According to Gladstone, consumption is often driven by what others are doing. “A lot of people feel pressure from friends or family or social groups to spend in a certain way,” says Gladstone. “They may not spend in a way that matches their personality.” It could be that introverts, for example, living in a predominantly extroverted society, feel pressured to spend in ways that don’t fit. However, the interactions between personality and environment are complex, so it’s difficult to know with certainty.

He adds that having cash in the bank does make life easier. While this research applies to a wide range of income levels, it doesn’t apply to people with very low incomes. Below a certain level, every dollar goes toward necessities.

MEMORY LANE

If we’re fortunate enough to have some income that is discretionary, it seems worth considering how we spend it. Most people likely need an individual mix of material goods and pure experiences. Some would benefit more from purchasing things, while others will cherish memories of an event.

Yet the differences between experiential and material purchases raise another important question: What could all this mean for our communities?

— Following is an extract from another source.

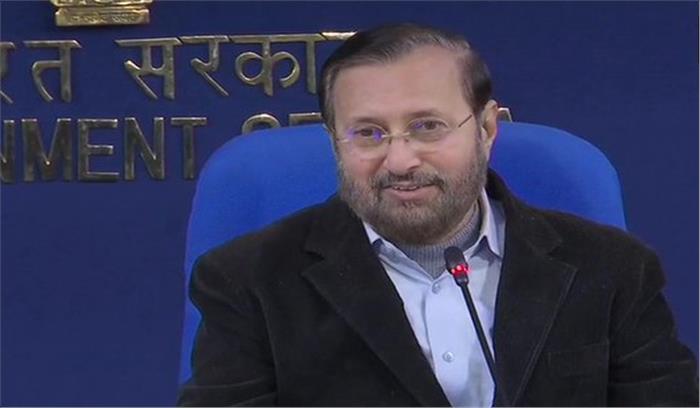 सात राज्यों में चलेगा भूजल प्रबंधन का ‘अटल जल’ कार्यक्रम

Carter believes the implications are far-reaching. “When you spend money on an experience, you’re often spending money in your community,” says Carter. “When you’re buying possessions, you’re often leaving the community.” Doing good in society is not merely a matter of pursuing happiness, but involves seeking meaning and connecting to others. “If everybody spent money locally — at restaurants or concerts — that would also help foster a sense of community because you’re out among people.”


Whatever your preferences, it seems wise to spend in ways that reflect who you are as a person. If you ever wish to take a trip down memory lane, you’ll get to experience it all again. And it will be as good — if not better — than the first time around.